Historic church in Kentucky, United States

Trinity Episcopal Church is located in Covington, Kentucky, Madison Avenue. This historic church was founded November 24, 1842, in a third floor of a brick building near the Covington market. The cornerstone of the first church was June 24, 1843 and the first service was on June 30, 1844. The church has served the people of Covington and Cincinnati, Ohio through wars and floods. The church is active today, with a large congregation at its Fourth and Madison Avenue location. The Rev. Peter D'Angio is the rector. It is the second-largest parish in the Episcopal Diocese of Lexington.

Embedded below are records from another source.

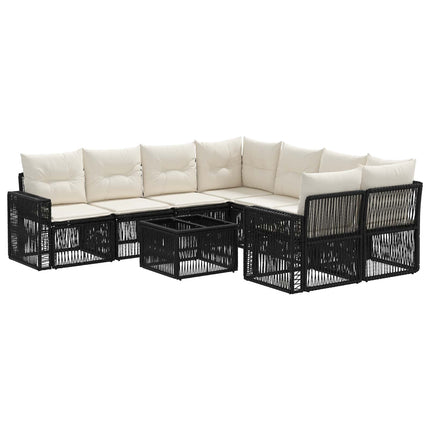 Havesofa Sæt 9 stk. Sort polyrattan
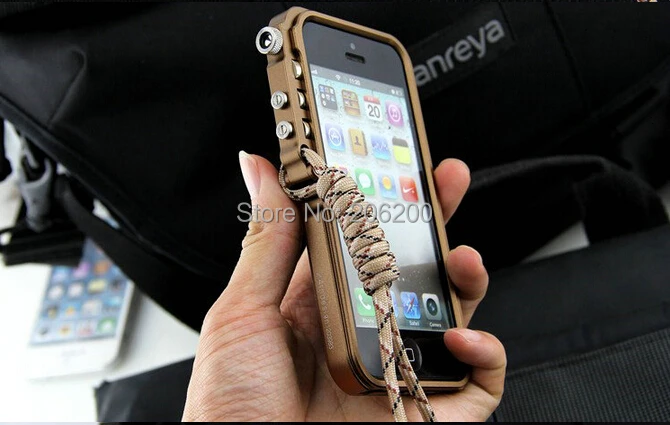 Cena Dla iphone 5S aluminium metalowe narzędzie bez zderzaka CNC TRIGGER Tactical Edition case dla iphone 5 5S osłona ramy z lina wspinaczkowa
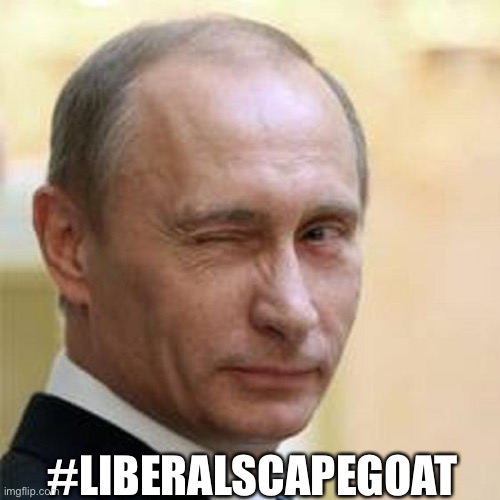 Putin Winking | #LIBERALSCAPEGOAT | image tagged in putin winking | made w/ Imgflip meme maker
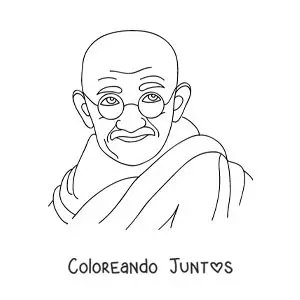 Imagen para colorear de un retrato de Mahatma Gandhi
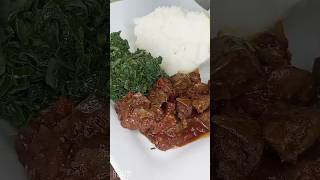 Ugali Greens Liver Girl Dinner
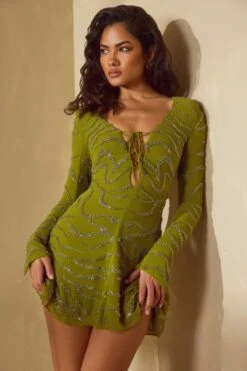 Long Sleeve Lace Up Mini Dress In Olive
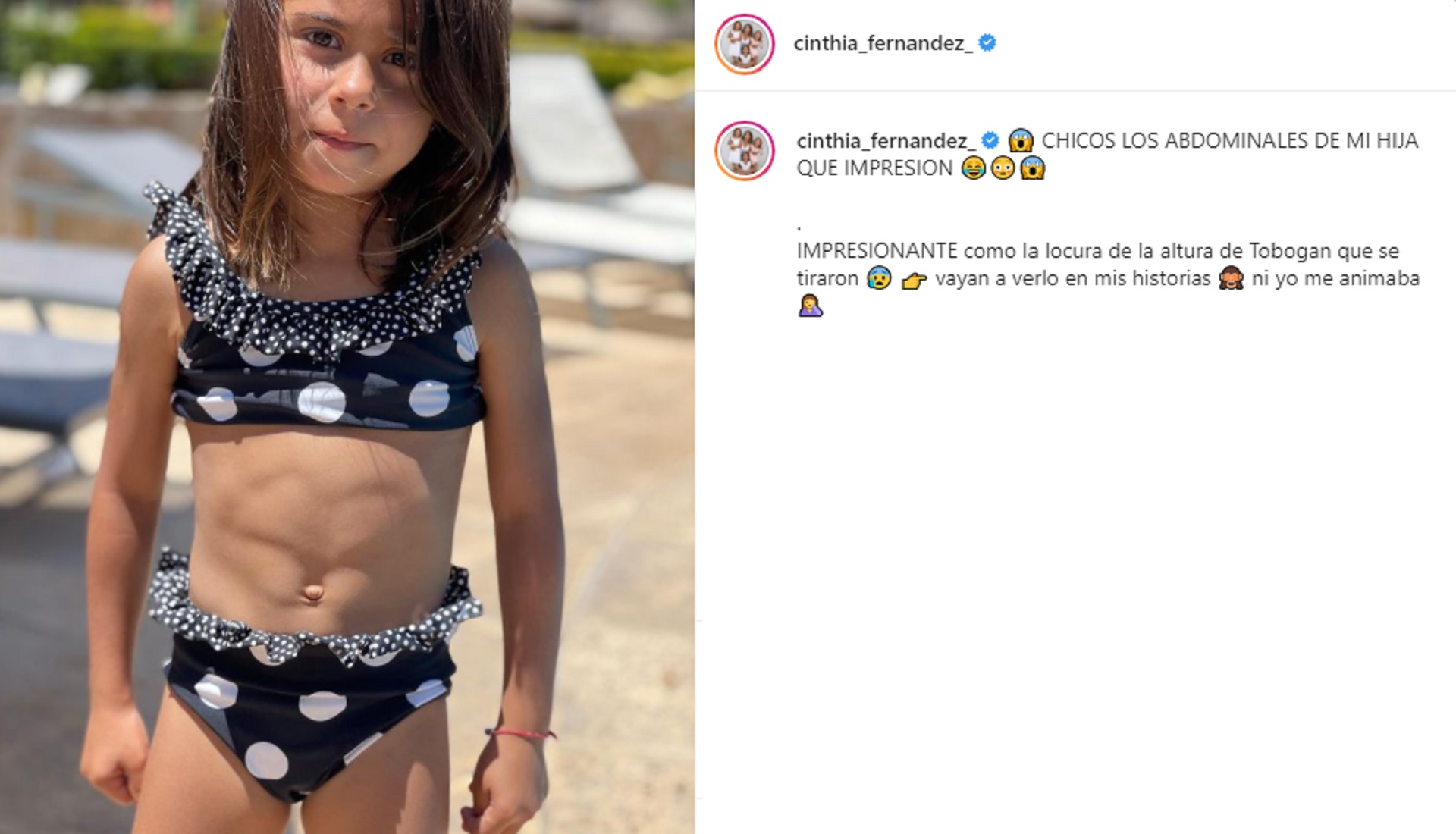 La furia de Cinthia Fernández contra sus seguidores por cuestionar una foto  de los abdominales de su hija - Infobae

Trinity Episcopal Church was placed on the National Register of Historic Places on March 1, 1982. This was because it is an excellent example of how medieval techniques in architectural design affected Episcopal church building in the United States in the 19th century, in a style known as Gothic Revival.

==History==
Trinity Episcopal Church, a member of the Episcopal Diocese of Lexington, was officially founded in 1829, although the first Episcopal church in Kentucky was built in 1796 in central Kentucky, known as "The Episcopal Society". The first Trinity Episcopal Church in Covington was a wooden structure with external walls of board and batten built in 1843, after $350 was spent to purchase the land.

The current building was constructed between 1857 and 1859. The timber and truss roof lies above a brick and stone masonry structure. An 1871 expansion had to be rebuilt in 1872 due to fire, with the mayor of Covington giving land to Trinity Episcopal Church in 1872 to assist. In 1885 a two-story guild hall was constructed to serve the church. Further additions in 1887 and 1888 included a new western front and a new nave bay, which allowed for a new baptistery and entry bell tower. The last enhancements to the building were in 1961 and 1962, which included an L-shaped annex of brick used for classrooms and offices.

Governor of Kentucky and Senator, John W. Stevenson, belonged to Trinity Episcopal Church. The first public library in Covington was built by Trinity Episcopal.

In October 1897, the Kentucky Equal Rights Association's ninth annual convention at Guild Hall, Trinity Church. The Kenton County Equal Rights Association, led by its president Mrs. Eugenia B. Farmer (and which met biweekly at the home of Mrs. Sallie B. Wolcott) hosted the convention.

The Ohio River flood of 1937 reached Trinity Episcopal, causing extensive water damage on the bottom floor. The Church struggled to pay for repairs.

==Description==
Brass, decorative windows, and wood carvings enhance the chancel, nave, sacristy, sanctuary, and south transept.